Archivematica Transfer Index

Information about Transfers is also indexed in Archivematica. The information is less-rich when compared to what is stored in the AIP and so it is not covered in detail here. We can use the wildcard query from the AIP examples above to begin to look at what is in the transfer index. The query would look like as follows:

from __future__ import print_function
import sys

from elasticsearch import Elasticsearch
from elasticsearch.exceptions import RequestError, NotFoundError

conn = Elasticsearch(["http://127.0.0.1:62002"])

start_page = 1
items_per_page = 20

# ref: string query, https://git.io/vhgUw
wildcard_query =   { "query": {
   "query_string" : {
   "query": "*",
   },
}}


try:
    results = conn.search(
        body=wildcard_query,
        index="transfers",
        doc_type="transfer",
        from_=start_page - 1,
        size=items_per_page,
    )
except RequestError:
    print("Query error")
    sys.exit()
except NotFoundError:
    print("No results found")
    sys.exit()

res = results.get("hits")
if res is not None:
    for res_ in res.get("hits"):
        print(res_.get("_source"))

Further reading

Elasticsearch provides API functions beyond searching. Users who wish to make use of these capabilities in Python can look at the Python library documentation.

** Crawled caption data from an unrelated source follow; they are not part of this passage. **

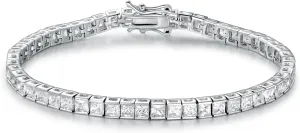 MDFUN Tennis Bracelet for Women and Men 3mm Square Cubic Zirconias 18K White Gold Plated Size 7.5 inches
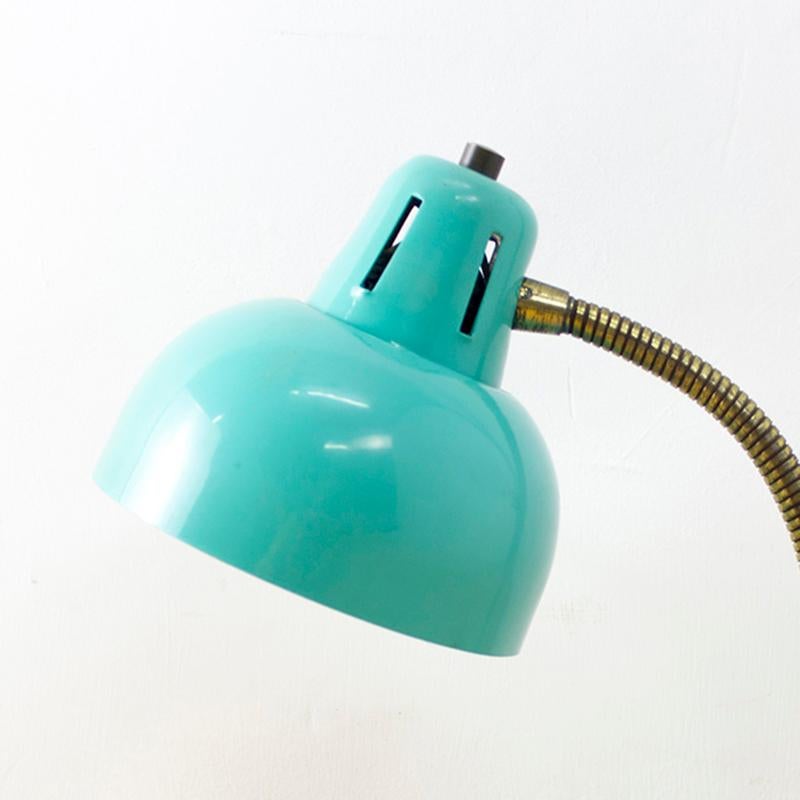 1960s Teal Blue Flexible Table Lamp In Good Condition In Barcelona, Barcelona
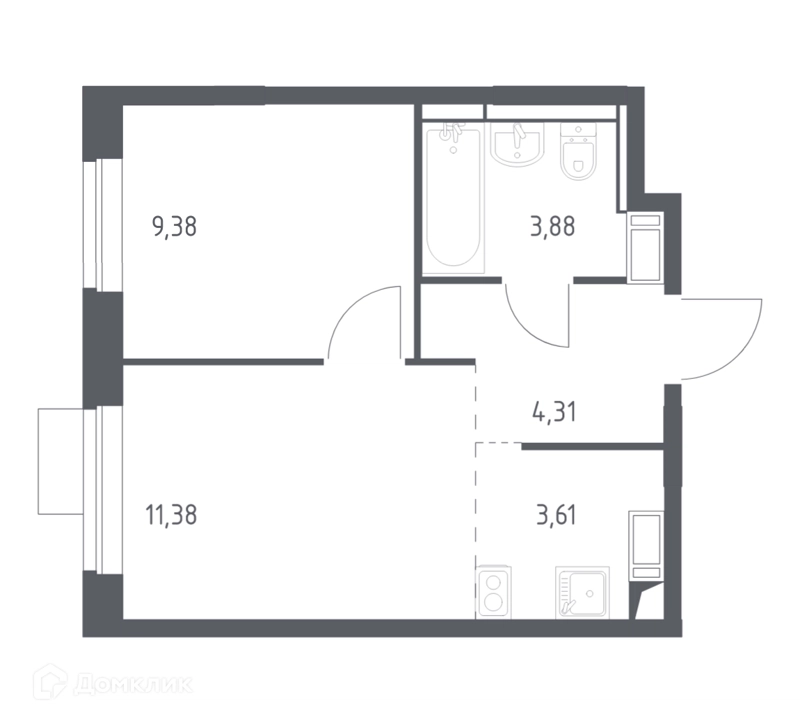 1-комнатная квартира 32.56 м² Пятницкие Луга
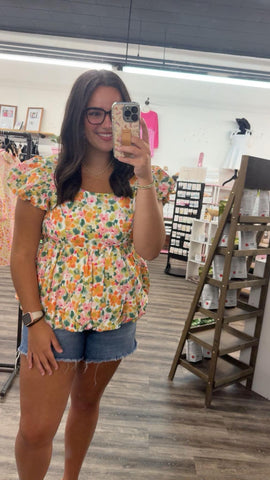 THE FLORAL BUBBLE TOP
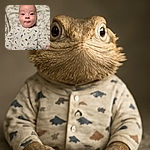 A wide-eyed baby in a cozy dinosaur-print onesie gazes curiously at the camera, lying on a patterned blanket that adds a soft, neutral backdrop to this adorable close-up.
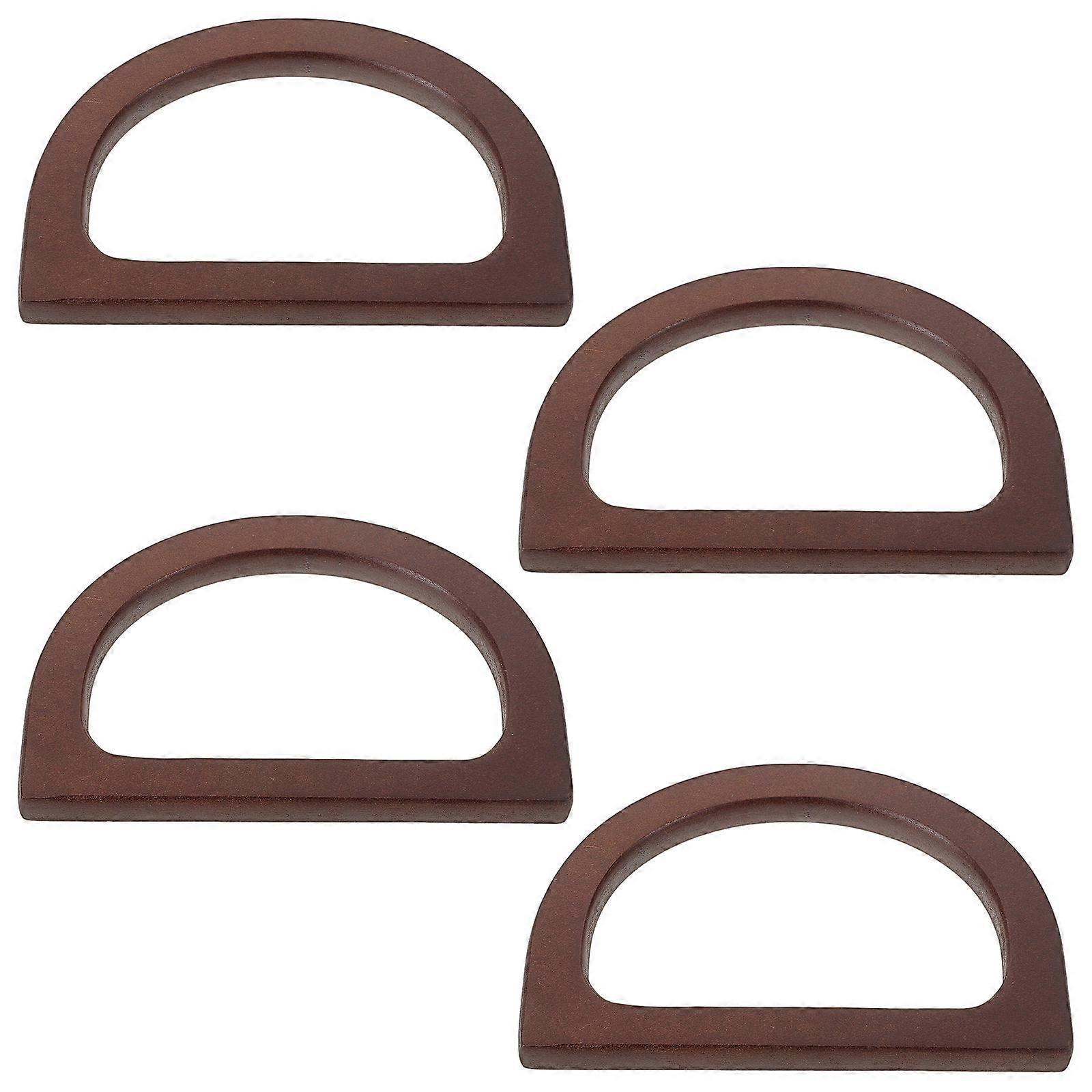 Wood Purse Handles for Bag Making Decorative Coffee Color D Shape Bag Handle Replacement 4 Pieces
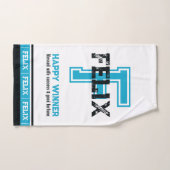 Felix-naam: sportmonogram blauw wit bad handdoek (Handdoek)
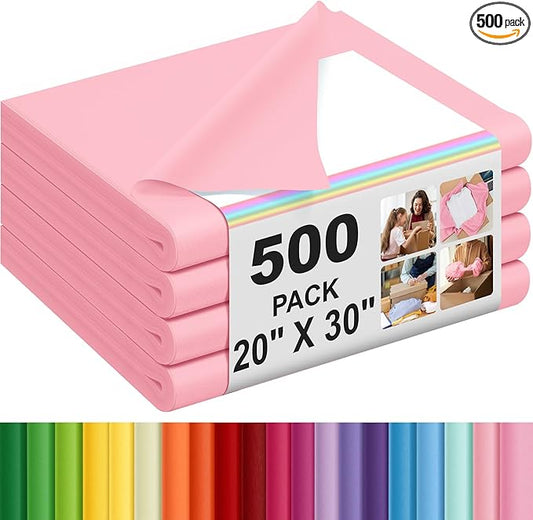 Qilery 500 Sheets Light Pink Tissue Paper Bulk for Gift Bags 20 x 30 Inch Acid Free Packaging Wrapping Decoupage Paper Sheets for Christmas Decoration DIY Crafts, Wedding, Packing Supplies for Moving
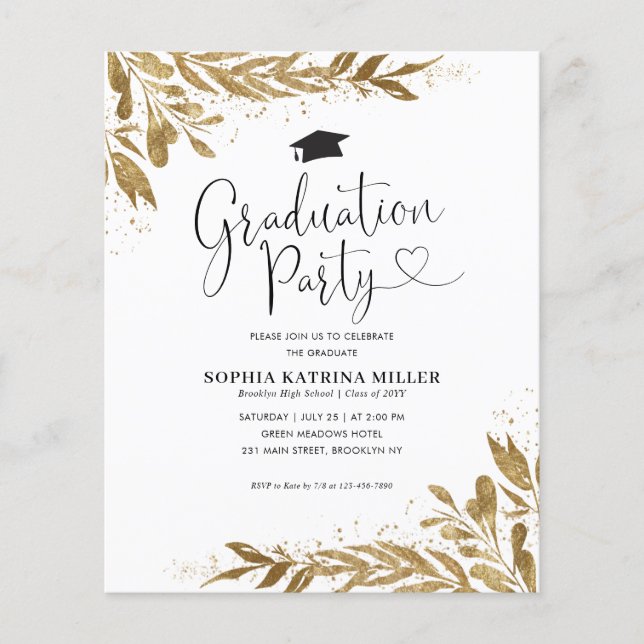 Budget Rustic Gold Floral Sparkle Graduation Party (Devant)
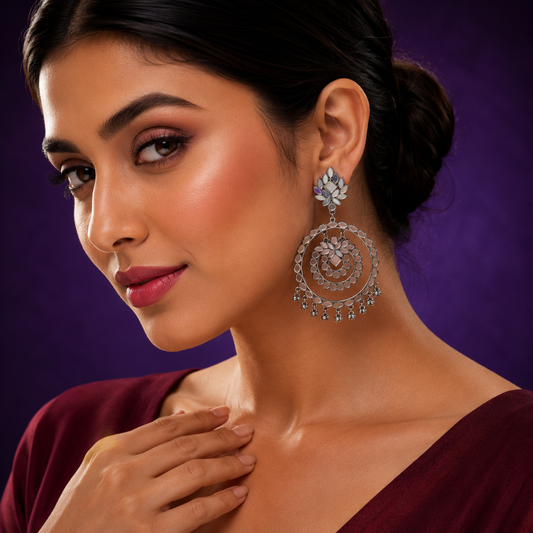 Silver Look Alike MIrror Work ChandBalis For Women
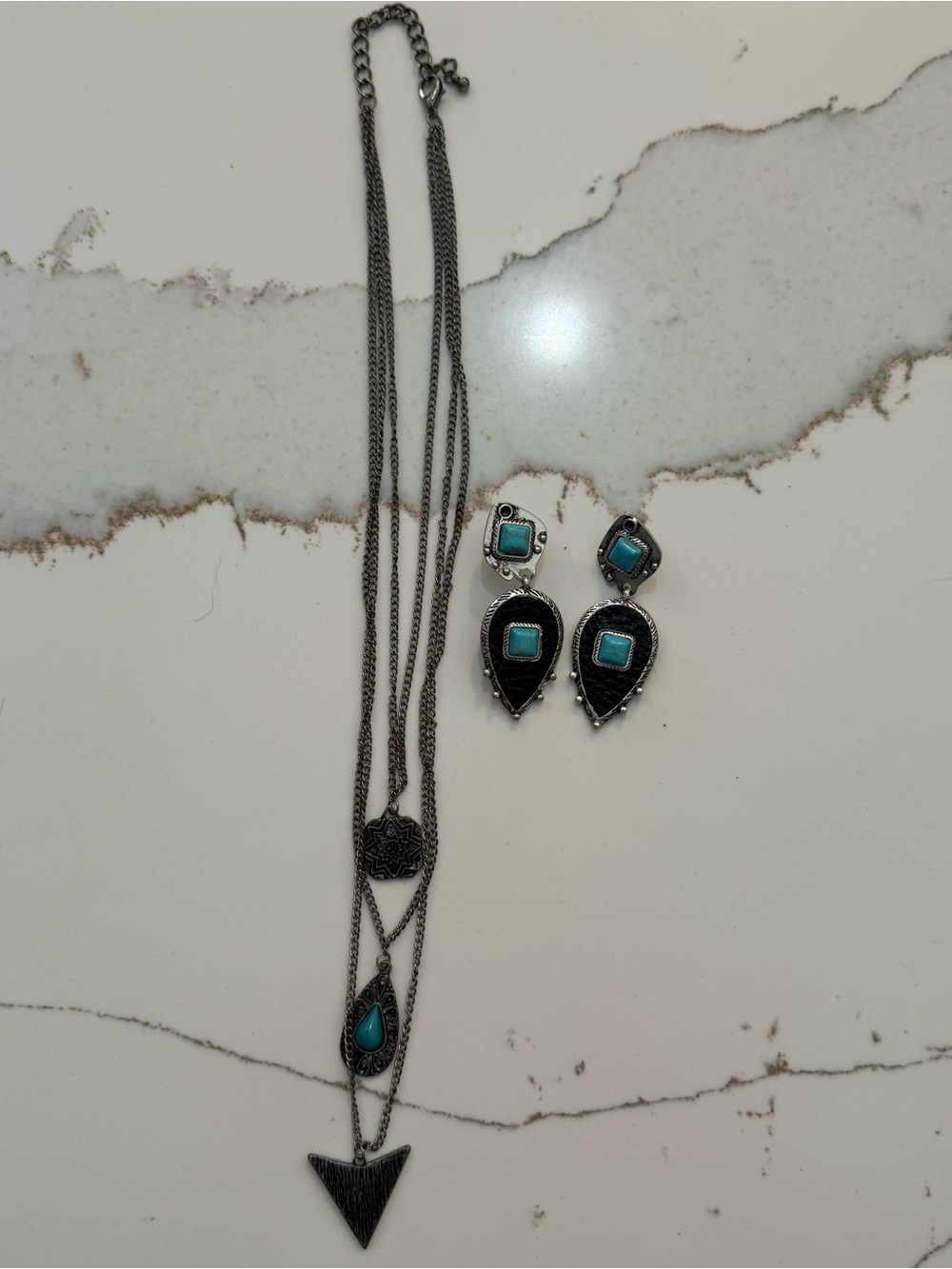 Turquoise Accent Layered Necklace and Earrings Set - Silver-Tone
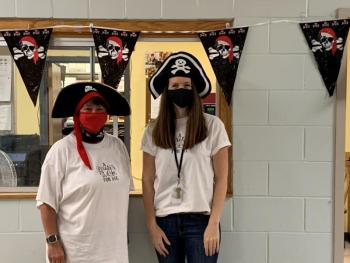 Administrative Assistant, Mrs. Sanfilippo, and Principal, Mrs. Riley, are ready for the Field Day festivities. (Photo courtesy Thomaston Grammar School)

The complete Elasticsearch documentation reference is also available. Many of the commands are described with examples that can be run using the curl command line tool.

Connecting to Elasticsearch (Archivematica 0.9 up to Archivematica 1.2)

Here we will run through an example of interfacing with older versions of Archivematica using Elasticsearch with a Python script that leverages the pyes library.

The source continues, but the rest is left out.